When the days of purification were ended and the platform for the body was covered with kapa and a girdle of leaves had been placed, then the high priest finished his ceremonies within the temple house where he had been praying that the spirit of the dead might be given life and welcomed to the company of the good spirits to dwell with Wākea. (Thrum)
When these ceremonies were finished, Hoapili and Hoʻolulu prepared to obey the command given them by Kamehameha to take care of his body and thoroughly secrete it. (Thrum)
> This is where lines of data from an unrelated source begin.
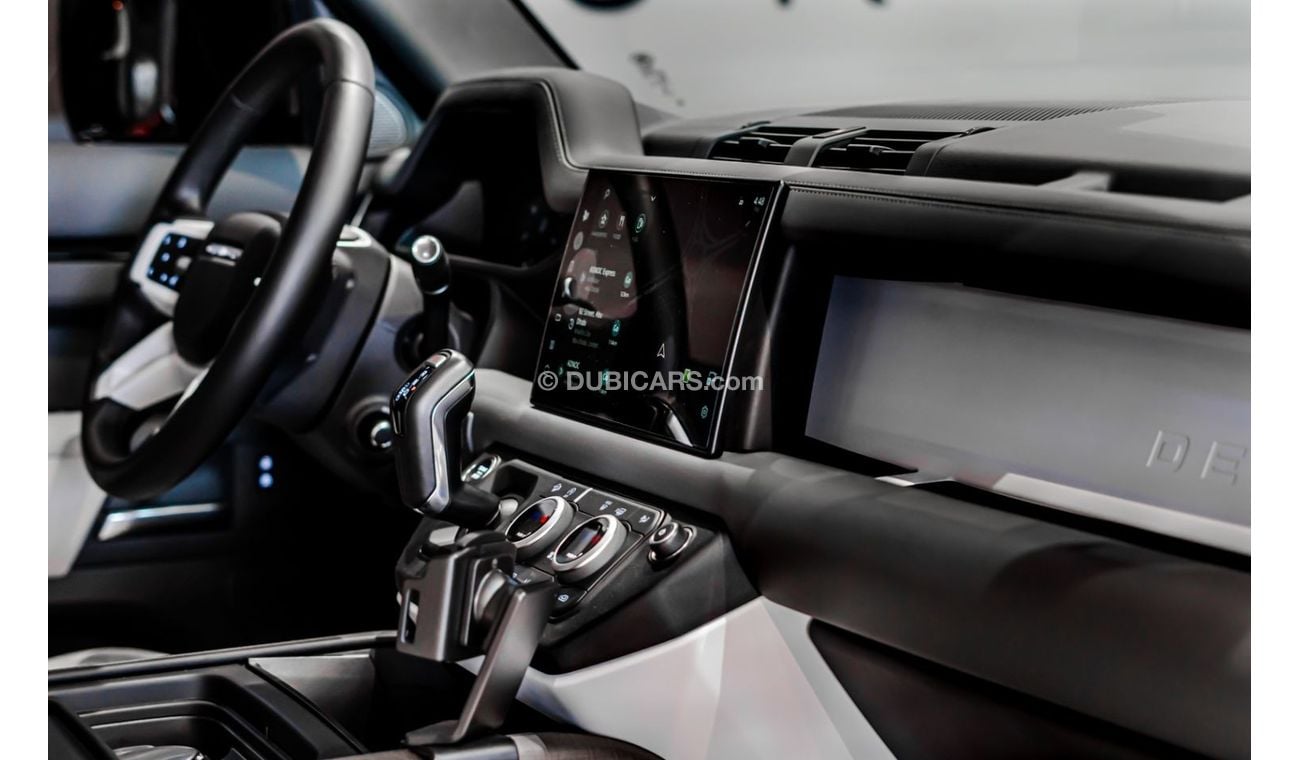 لاند روفر ديفندر 2023 Land Rover Defender 110 P400 S, 2028 Land Rover Warranty + Service Contract, Low Kms, GCC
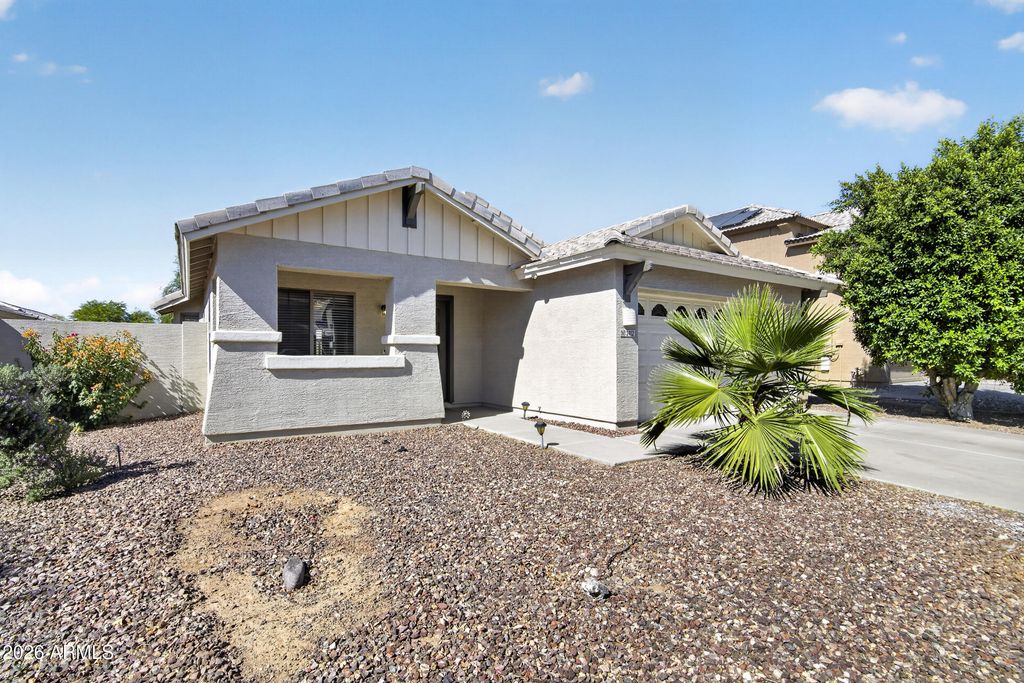 Image 1 of property listing at 2412 W SAINT KATERI Drive, Phoenix, AZ 85041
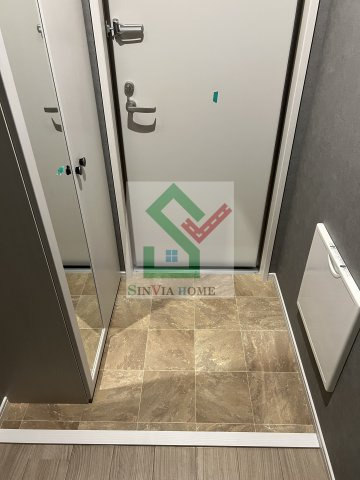 コールマイン西堀の玄関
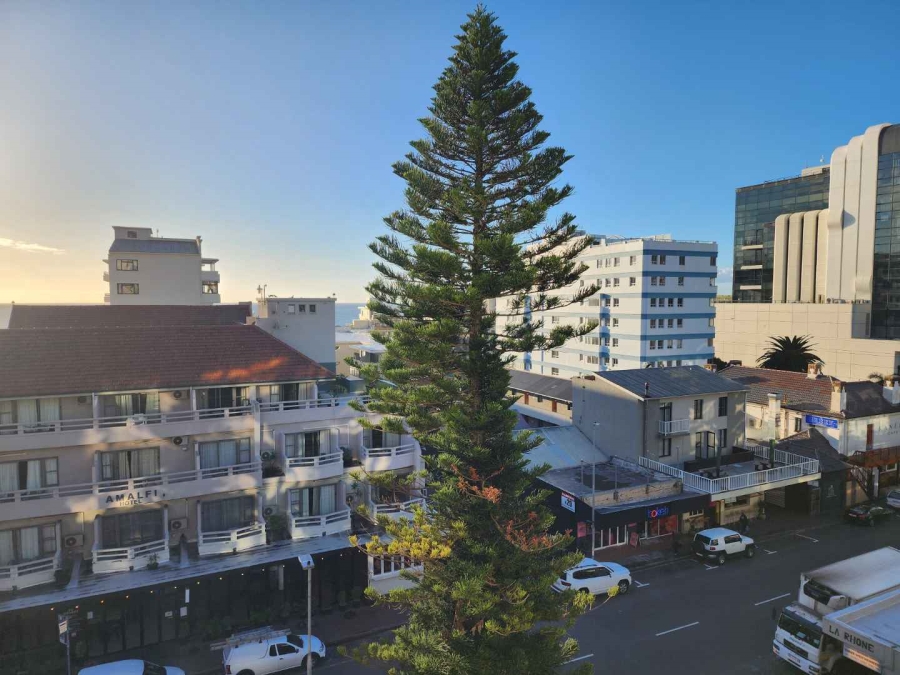 To Let 3 Bedroom Property for Rent in Sea Point Western Cape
The chief’s bones belonged by right to the family of Keawe-a-heulu and to the hidden burial places of its members from Kiolakaʻa and Waiʻōhinu in Kāʻu, but Kamehameha doubted whether this family could keep the place secret, for the place where the bones of their father, Keōua, were hidden was pointed out on the cliffs of Kaʻawaloa. (Kamakau)
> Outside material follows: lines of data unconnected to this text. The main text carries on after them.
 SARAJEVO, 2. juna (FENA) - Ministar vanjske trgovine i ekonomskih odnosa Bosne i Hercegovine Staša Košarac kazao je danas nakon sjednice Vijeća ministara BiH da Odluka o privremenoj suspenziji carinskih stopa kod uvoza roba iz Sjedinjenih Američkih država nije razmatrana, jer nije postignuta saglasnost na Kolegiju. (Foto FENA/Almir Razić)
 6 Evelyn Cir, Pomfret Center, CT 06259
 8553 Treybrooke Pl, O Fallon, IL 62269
Kamehameha had therefore entrusted his bones to Hoapili and Hoʻolulu, with instructions to put them in a place which would never be pointed out to anyone.
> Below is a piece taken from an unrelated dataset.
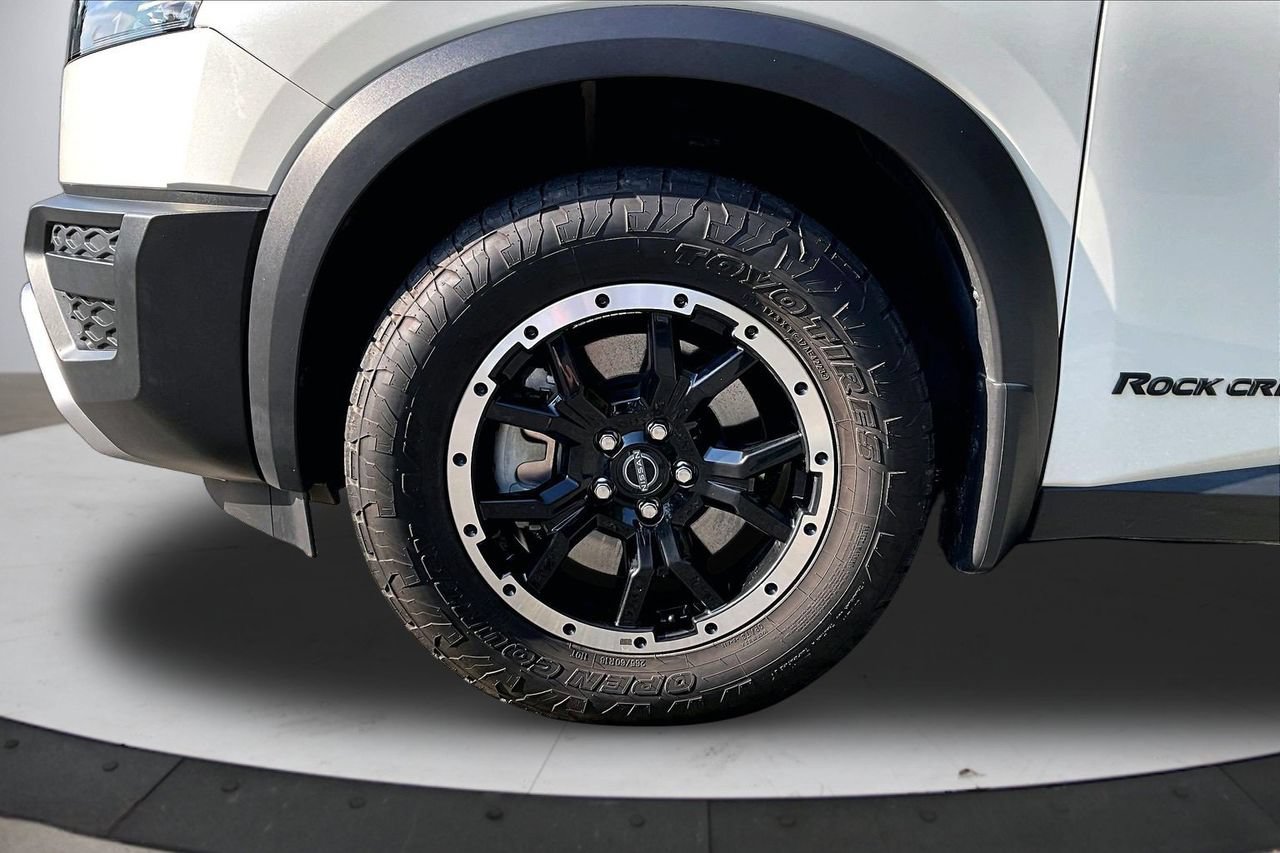 Used 2024 Nissan Pathfinder Rock Creek AWD/4WD image 32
Different stories suggest different places where Kamehameha’s bones are located: to an undersea cave that could only be accessed at low tide; over the rough lava plains of Puʻuokaloa to Kaloko in Kekaha; within Kaloko fishpond and others. All stories note he was buried in secret under the cover of darkness.
The ceremonial burial of iwi kupuna (ancestral Native Hawaiian remains) and moepū (funerary objects) involves great secrecy in order to protect the burial site and ensure the peace and sanctity of ancestors who have passed away, as well as the spiritual, physical, and psychological well-being of their descendants. (He Ho‘olaha, OHA)
Kamehameha’s final resting place and his bones have never been found; a saying related to that site notes: ‘Only the stars of the heavens know the resting place of Kamehameha.’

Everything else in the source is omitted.